La procureure déplore le peu de détails donnés par le prévenu sur la chronologie des événements. Elle souligne sa détermination, à travers l’achat de l’arme et le peu de crédibilité de ce projet de revente, qui n’a déjà pas beaucoup convaincu le juge, notamment à travers la photo légendée. « Il est sorti pour l’utiliser, pour braquer. Monsieur le président, vous avez essayé d’en savoir plus, un peu d’élaboration aurait aidé, on en restera là. Mais la préméditation ne fait pas de doute. » Elle loue elle aussi la dignité de la victime, face à un prévenu qui s’est pris « pour un caïd », qui a été « surpris qu’on lui dise non » : « Il n’y a pas eu de prise de conscience, il est rentré chez lui sans se remettre en question. Il a nié les faits jusqu’à aujourd’hui. C’est un jeune homme sans signe avant-coureur, qui est passé directement à la grande délinquance. » Elle requiert cinq ans d’emprisonnement dont un an en sursis probatoire avec obligation de soins, obligation d’indemniser la victime et interdiction de revenir dans les Hauts-de-Seine (92).

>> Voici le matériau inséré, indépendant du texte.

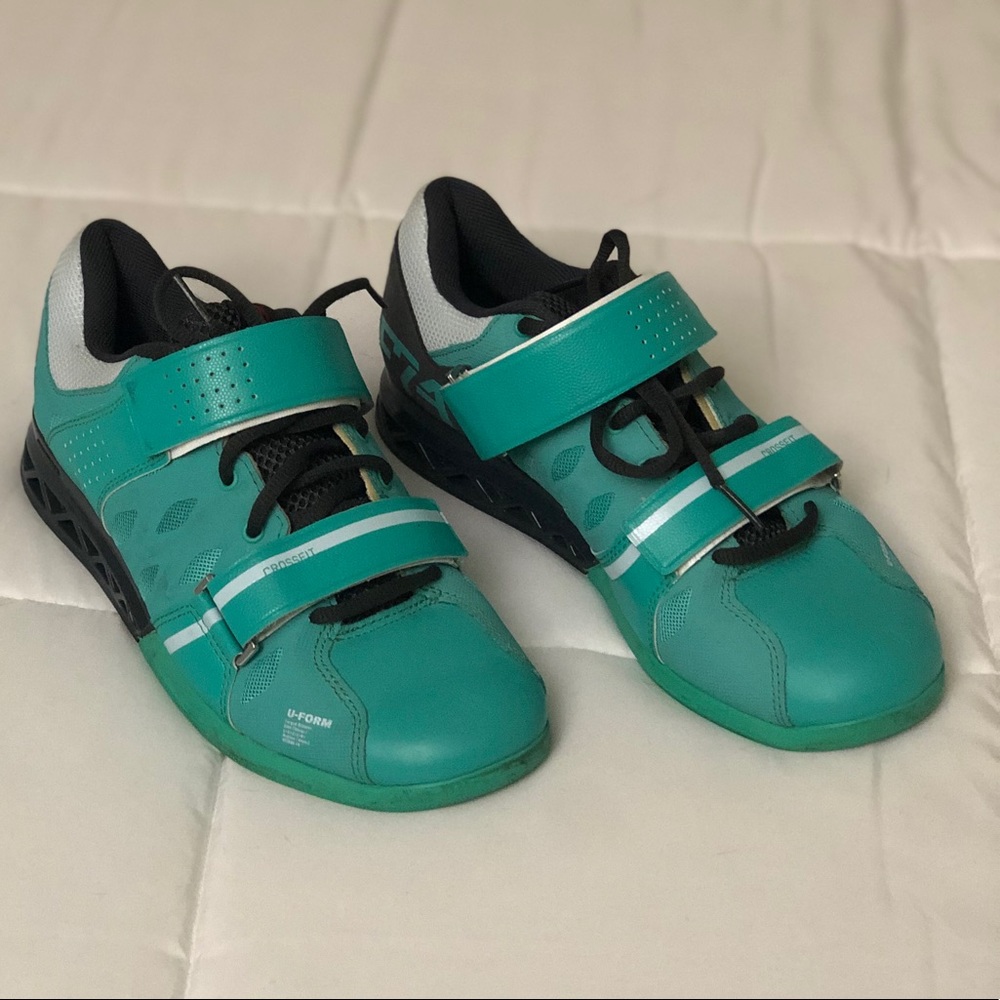 REEBOK Crossfit lifters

L’avocate de David veut faire comprendre que la conceptualisation d’un passage à l’acte est possible quand on est juriste, avocat, mais pas pour son client. Elle croit ses excuses sincères, parle de sa mère et de son désarroi profond, de son incompréhension, elle qui a tout fait pour donner la meilleure éducation à son fils. Elle s’adresse à Madame T. pour saluer elle aussi la façon dont elle a évoqué les faits. « Il a perdu ses moyens, et vous avez subi ce coup de crosse. Il n’était pas venu pour commettre cette violence, l’arme était chargée à blanc. » Elle pointe le pouvoir d’influence des vidéos qui circulent sur les réseaux sociaux sur des jeunes comme David, lui qu’elle juge « intellectuellement frais », et identifie son passage à l’acte comme le résultat de mauvaises fréquentations. L’idée de l’éloigner chez de la famille près de Lyon n’en semble que plus pertinente selon elle. « Je ne crois pas à l’intérêt d’une peine longue », conclut-elle.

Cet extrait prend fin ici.